Just days after protesting election fraud in the first round of Serbia’s presidential and parliamentary elections two weeks ago, Tomislav Nikolić of the right-wing Serbian Progressive Party (Српска напредна странка / SNS) has won the Serbian presidential runoff today, ousting incumbent Boris Tadić of the center-left / progressive Democratic Party (Демократска странка / DS), who has been Serbia’s president since 2004 and who was seeking a third term on Sunday.
Preliminary results gave Nikolić around 49.7% of today’s vote, to just 47.1 for Tadić — if the result holds up and Nikolić becomes president, it will be the first transfer of the Serbian presidency from one party to another party in Serbia since the fall of Slobodan Milošević in 2000 — in many ways, the 2012 election was Serbia’s first ‘normal’ post-Milošević election, in which the campaign revolved not around foreign policy and the ghosts of Serbia’s past, but rather focused on Serbia’s sagging economy, the falling value of the dinar, Serbia’s currency, and unemployment rates nearing a continent-high of 25%.

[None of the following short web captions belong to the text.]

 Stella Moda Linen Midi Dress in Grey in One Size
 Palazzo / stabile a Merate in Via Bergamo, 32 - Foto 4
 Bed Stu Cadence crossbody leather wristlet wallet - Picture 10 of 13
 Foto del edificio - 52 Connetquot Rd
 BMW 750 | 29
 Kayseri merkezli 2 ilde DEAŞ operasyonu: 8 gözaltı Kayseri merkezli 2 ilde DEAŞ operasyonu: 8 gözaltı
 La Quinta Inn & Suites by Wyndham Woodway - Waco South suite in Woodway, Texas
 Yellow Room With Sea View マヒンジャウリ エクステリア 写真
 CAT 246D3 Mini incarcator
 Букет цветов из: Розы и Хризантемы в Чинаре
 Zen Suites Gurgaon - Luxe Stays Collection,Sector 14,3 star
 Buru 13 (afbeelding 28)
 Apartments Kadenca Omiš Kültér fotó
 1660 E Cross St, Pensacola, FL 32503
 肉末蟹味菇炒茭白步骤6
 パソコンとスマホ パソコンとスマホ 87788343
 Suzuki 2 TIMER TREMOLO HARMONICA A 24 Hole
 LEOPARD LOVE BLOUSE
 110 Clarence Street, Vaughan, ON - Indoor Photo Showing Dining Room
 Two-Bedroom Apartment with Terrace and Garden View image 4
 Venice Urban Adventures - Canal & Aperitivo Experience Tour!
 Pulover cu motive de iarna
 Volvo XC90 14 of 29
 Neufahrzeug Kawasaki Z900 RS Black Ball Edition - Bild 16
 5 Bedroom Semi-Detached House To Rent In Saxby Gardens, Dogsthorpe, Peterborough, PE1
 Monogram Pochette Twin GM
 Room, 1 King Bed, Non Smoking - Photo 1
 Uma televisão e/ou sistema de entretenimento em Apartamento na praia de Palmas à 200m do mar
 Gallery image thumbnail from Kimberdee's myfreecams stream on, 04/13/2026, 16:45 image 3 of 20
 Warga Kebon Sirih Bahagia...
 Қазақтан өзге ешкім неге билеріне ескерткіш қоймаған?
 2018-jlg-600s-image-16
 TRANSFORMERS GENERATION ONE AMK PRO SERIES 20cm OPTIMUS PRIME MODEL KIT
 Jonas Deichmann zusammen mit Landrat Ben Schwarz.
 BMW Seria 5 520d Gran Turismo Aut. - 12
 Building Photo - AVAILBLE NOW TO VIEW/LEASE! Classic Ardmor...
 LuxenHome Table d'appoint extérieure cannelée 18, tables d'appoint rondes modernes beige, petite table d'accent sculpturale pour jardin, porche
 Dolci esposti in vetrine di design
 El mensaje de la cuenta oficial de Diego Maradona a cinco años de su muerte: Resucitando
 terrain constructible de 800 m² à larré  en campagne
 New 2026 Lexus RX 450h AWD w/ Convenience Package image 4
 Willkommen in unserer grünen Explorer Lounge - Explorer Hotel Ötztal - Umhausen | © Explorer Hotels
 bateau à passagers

In the first round on May 6, Tadić finished with 25.31%, followed closely by Nikolić with 25.03%. In each of the past two presidential elections, Nikolić had lost to Tadić, and Tadić seemed likely to triumph again today. Nikolić had also contested earlier presidential elections in 2000 and in 2003.
Nikolić’s SNS had won the greatest number of seats in Serbia’s parliament on May 6, but look to remain in the opposition after Tadić’s DS has made a preliminary agreement to form a coalition with the third-place leftist/nationalist Socialist Party of Serbia (Социјалистичка партија Србије / SPS.
So what can Serbia expect with longtime opposition figure Nikolić as its new president?
Given that the DS will now still largely control domestic policymaking in Serbia, and given the endorsement of Tadić by several other Serbian party leaders, including the SPS’s Ivica Dačić, it had seemed that the momentum was with Tadić, if just narrowly.
On Europe, Nikolić has spent much of his campaign convincing voters that is really, truly pro-Europe, despite a career in which Serbia’s new president has often seemed more comfortable looking to the east rather than to the west. Although the DS has steered Serbia toward a very pro-European course — Serbia became an official candidate for European Union membership just in March 2012 — both the SNS and the even more nationalist SPS (the SPS was once Milošević’s party) have pledged not to pull Serbia off its course for EU membership.